After locating the line that contains "Bachata. Artem Bodrov" in the records below, write out exactly that line and each line after it through the one that contains "Villa in Saitoures", and nothing else.

**AVAILABLE DATA**:

╭──

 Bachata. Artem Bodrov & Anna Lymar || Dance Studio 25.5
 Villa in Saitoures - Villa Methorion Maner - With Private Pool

╰──
╭──

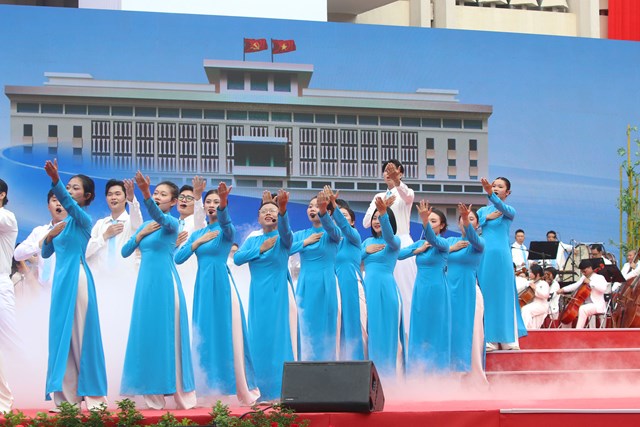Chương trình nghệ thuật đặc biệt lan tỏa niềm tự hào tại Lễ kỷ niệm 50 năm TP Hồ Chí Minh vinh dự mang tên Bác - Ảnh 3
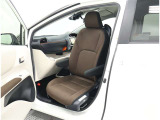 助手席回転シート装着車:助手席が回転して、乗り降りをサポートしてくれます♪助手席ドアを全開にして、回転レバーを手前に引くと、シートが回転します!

╰──

**TASK OUTPUT**:
 Bachata. Artem Bodrov & Anna Lymar || Dance Studio 25.5
 Villa in Saitoures - Villa Methorion Maner - With Private Pool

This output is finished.